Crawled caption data
[Start of section]

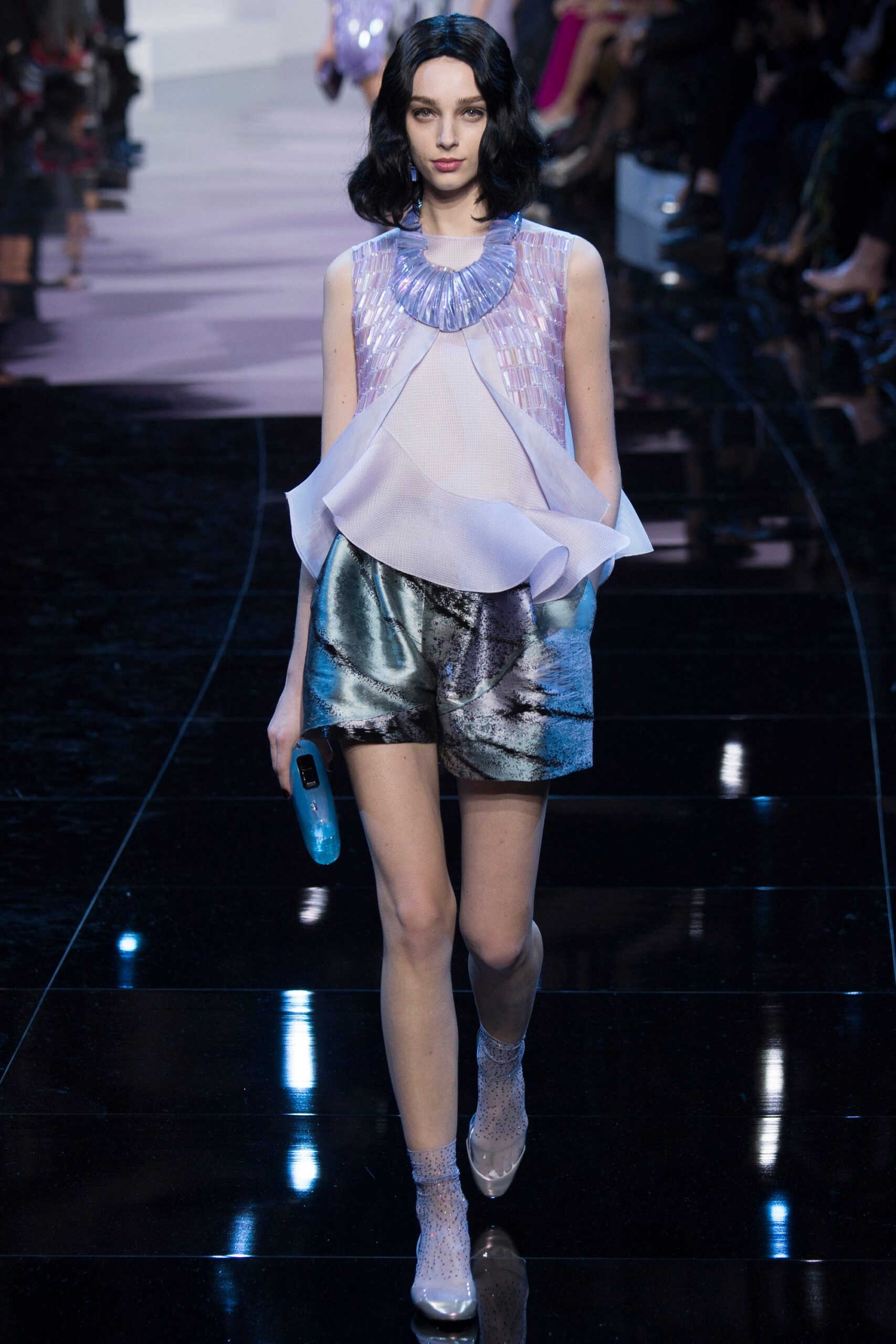 purple silk relaxed top with blue shorts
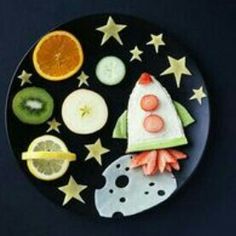 a black plate topped with fruit and vegetables on top of a blue tablecloth covered in stars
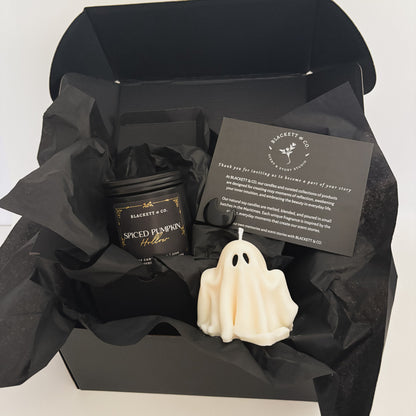 Spiced Pumpkin Hollow scented natural soy candle, unscented ghost-shaped soy candle, and Obsidian stone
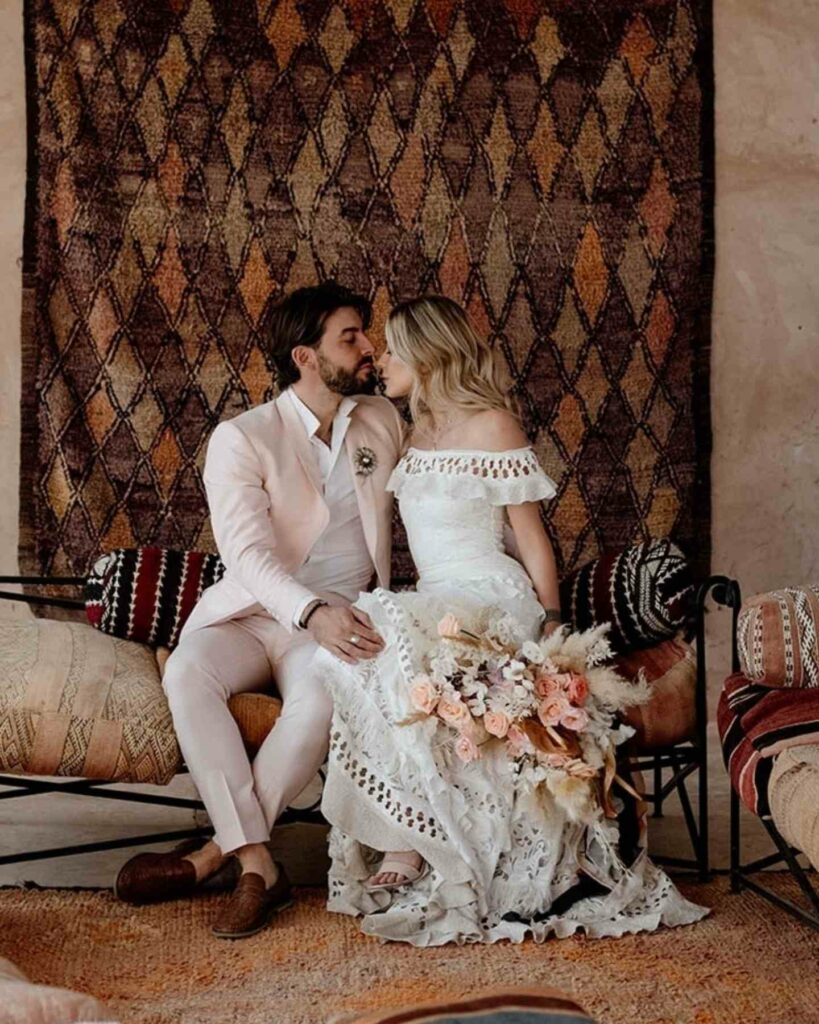lace bohemian wedding gown with dried flowers bouquet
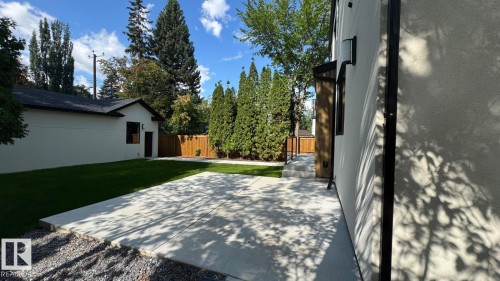 Expansive concrete patio with gravel border - 10514 134 Street Nw, Edmonton, AB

[End of section]

Omit the pictures, then give every record back exactly as it stands.

▸ Finished task:
 purple silk relaxed top with blue shorts
 a black plate topped with fruit and vegetables on top of a blue tablecloth covered in stars
 Spiced Pumpkin Hollow scented natural soy candle, unscented ghost-shaped soy candle, and Obsidian stone
lace bohemian wedding gown with dried flowers bouquet
 Expansive concrete patio with gravel border - 10514 134 Street Nw, Edmonton, AB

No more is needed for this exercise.